Shouldn't mount start all states that a particular other state uses? Or will it restrict itself to the states listed in (mount/start #'my-state), ignoring all dependencies?

tolitius18:01:10

@urzds (mount/start #'my-state) will only start #'my-state. (mount/start) will start all the states in the order of their "usage"

tolitius18:01:19

in your example above, try start with "except" nrepl, otherwise you starting a new one on top of the one that is already started

tolitius18:01:38

hence "Address already in use (Bind failed)"

urzds18:01:21

Yes, we figured that one out. one nREPL server was started by Leiningen, the other by my own code. Hence the trouble.

urzds18:01:31

Different topic: Is there a recommended way to call mount/stop on exit?
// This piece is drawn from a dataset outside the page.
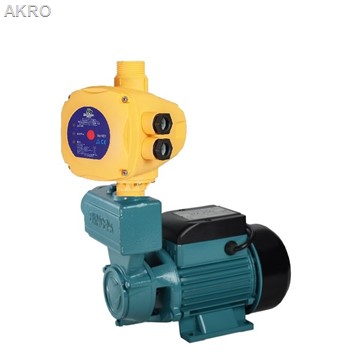 Pompa HYDROFOROWA WZ250 + sterownik BRIO BM12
I tried using this method (https://stackoverflow.com/questions/11709639/how-to-catch-ctrlc-in-clojure), but for some reason my log/info messages are not printed anymore, so I don't know whether everything actually shuts down properly.

tolitius18:01:12

(.addShutdownHook (Runtime/getRuntime)
                    (Thread. (fn [] (mount/stop))))

tolitius18:01:36

in your -main

urzds18:01:24

@tolitius I tried that. Maybe there is some trouble with the logger being shut down before the rest of the system...

urzds18:01:43

I was using plain clojure.tools.logging

tolitius18:01:16

you can add println into that inner function, or you can add https://github.com/tolitius/mount-up into the mix that will help logging all the mount interactions

urzds18:01:10

I loaded io.aviso/logging, and now I get the output I expected.